Today’s healthcare system is still dominated by a fee-for-service payment system. The resulting inefficiencies – high service volume and at times redundant or unnecessary care – are not only hard to ignore, they are also a detriment to clinical quality, according to data from Dartmouth Atlas. The research organization found that regions in which Medicare spending is the highest actually tend to produce worse patient outcomes.

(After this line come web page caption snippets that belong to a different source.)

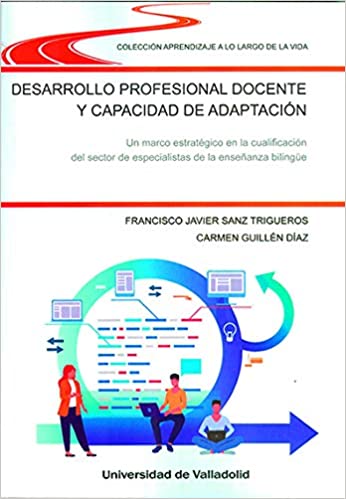 Imagen de portada del libro Desarrollo profesional docente y capacidad de adaptación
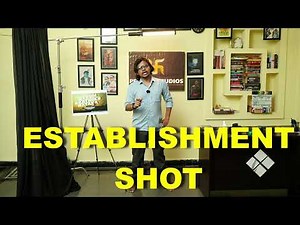 Wide Shot Filmmaking Technique Explained.
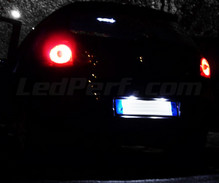 LED-Pack (Weiß 6000K) für Heck-Kennzeichen des Volkswagen Golf 5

Many experts have concluded that the problem stems from the current uncoordinated and highly fragmented nature of healthcare delivery. To realize the vision of improved quality and lower costs, however, payers, providers and patients must be inspired (and perhaps incentivized) to collaborate in new ways, including sharing appropriate information at all points along the care continuum – a challenge Don Berwick’s “Triple Aim” is designed to address.
The Triple Aim in a nutshell
Devised by the former Centers for Medicare and Medicaid Services (CMS) administrator, the Triple Aim emphasizes three objectives:
- Improve the overall health of the population being served. This is best accomplished by not only obtaining information directly from patients, but also by leveraging both payer and clinical data and analyzing it using sophisticated technologies to risk-stratify the population. These tools can help identify which patients require special services, such as complex care management or coordination of services – activities that have traditionally been provided by health plans but will likely shift back to the provider community as they share risk with payers in an accountable care environment.

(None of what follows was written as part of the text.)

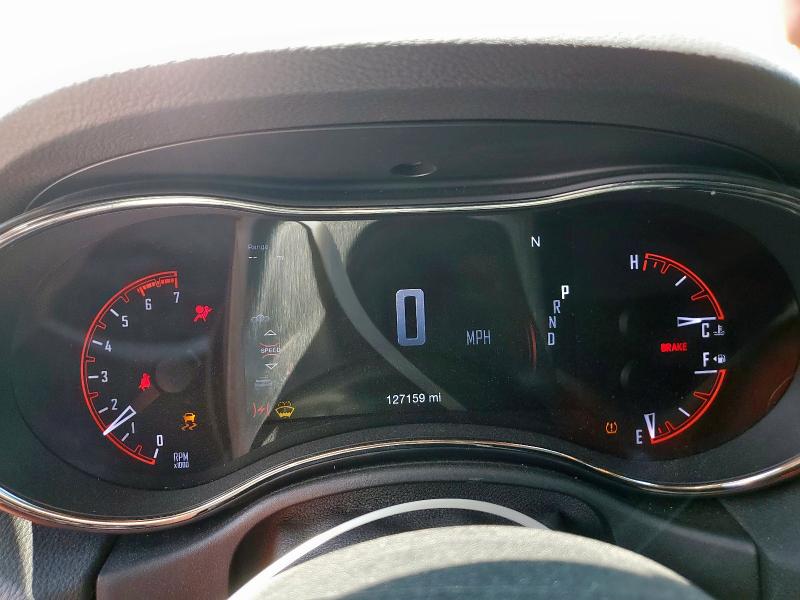 Photo 9 from auction – 2019 DODGE DURANGO R/ with VIN 1C4SDHCT7KC604485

- Improve the care experience, which goes beyond simply providing the right type of care. The patient-centered medical home (PCMH) will play a critical role in the care experience by designating a personal provider and care team who are responsible for coordinating each patient’s medical and behavioral healthcare activities.
- Provide the best care possible while lowering the per-capita costs of care over time. While this will be difficult to accomplish, applying evidence-based care and eliminating duplicative or unnecessary procedures – with help from information management technologies such as electronic health records (EHRs) – will give the industry the best chance of success.
Challenges, opportunities emerge
As healthcare embraces a shared-risk payment system, payers and providers that exchange cost, utilization, clinical quality, patient experience and provider benchmarking data will achieve the highest outcomes. But it doesn’t end there. To truly impact population health, these constituents must collaboratively address the broad range of environmental, health literacy, social structure and resource distribution factors by providing individuals with information to support health and wellness and empower patients with chronic illnesses to better understand their conditions and respond in meaningful ways to stabilize or improve their health.
The industry must become more technically sophisticated by utilizing analytics to help identify important diagnostics and metrics, interrogate data for gaps in care, set health goals and program elements, and integrate delegated care models and chronic care management, among other capabilities. Integrated with the EHR, this information can leverage timely patient data and deliver intelligence at the point of care, where it can be used most effectively.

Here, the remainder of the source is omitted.